The strong smell of weed hits me before I see two young men finishing off a joint and flipping the tab end away. That's something else I wouldn't mind doing on a day like this. But hang on a minute, I'm already at the ground, and these young men are walking in there too, just ahead of me. One of them stretches out his arms and runs on to the field like an aeroplane. His friend laughs and then they make their way towards the away team's changing room. Well, maybe today's game will be all relaxed and mellow fruitfulness.
Yeah, right. It only takes 13 minutes before the first histrionics. Three away forwards are behind the home team's defence. One of them receives the ball, and he's the only one of the three to run
through the back line as the ball was played. That is, he's the only one who's not offside, and he scores. The home team screams that three men were offside, how could I not see them? The club linesman is unhelpfully standing with his flag raised, shouting, "Referee, that was offside!" 0-1.

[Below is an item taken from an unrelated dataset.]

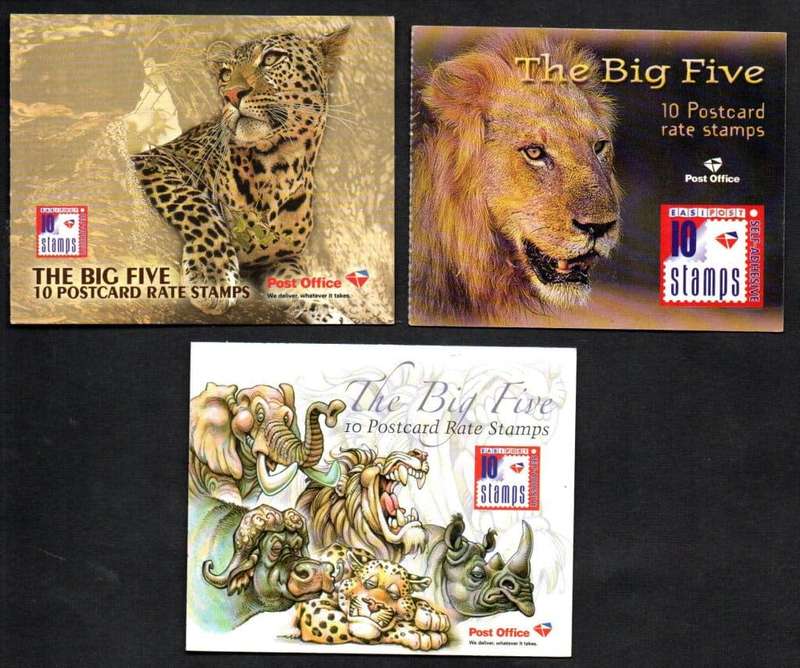 RSA SELECTION OF (X3) BIG FIVE SELF-ADHESIVE BOOKLETS MINT AND COMPLETE. TOTAL CV R1050.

A few minutes later, a different away forward receives the ball, level with the second to last man. He also scores. The club linesman again stands with his flag raised shouting the same thing, "Referee, offside!" Again I ignore him. 0-2, though this time at least the defenders don't complain. But then the home team's winger is played free out on the left, a yard offside and I call it. His fellow forward runs up to me and screams in my face - how come I'm only calling offside against them? Dude, because life's a bitch, and here's a yellow card to prove it.
By half-time they've pulled it back to 2-2. The little linesman comes over to me, all upset. What's the point of him being there if I'm going to ignore him? I explain why neither goal was offside, and then that his role is only to flag when the ball goes out of play. It would hardly be credible if I kept ruling out goals for the away team based on the decisions of the home team's voluntary linesman, would it? He nods curtly and walks away, looking like he's about to burst into tears. He must be almost 70 years old.
As usual it gets rougher and louder in the second half. Stacks of fouls, copious whining, and then just as it seems we've made it through, there's a flare-up between two players over a stupid throw-in near the corner flag in the 88th. minute. Now, finally, it's Kindergarten Time - within seconds everybody's there, pushing, cursing, sweating, threatening, letting it all out. There's at least one insult about somebody's mother. I'm about to blow early for full-time, but then I think, "Fuck it, we've made it this far, let's see it out." I show the two instigators yellow, and everyone settles down. There's still time for one more yellow card (the eighth of the afternoon) for a nasty foul in midfield, but to my amazement it doesn't set everyone off again. Maybe the weed's finally kicked in.
For once, no one seems to blame me for the result. On my way out, players from both teams nod and say goodbye, which is about as close as you get to gratitude. I cycle back through the forest, acorns popping beneath my tires, and feeling content enough. "What an insane way to spend a beautiful Sunday afternoon," I say to my family when I get home. They just look at each other and sigh.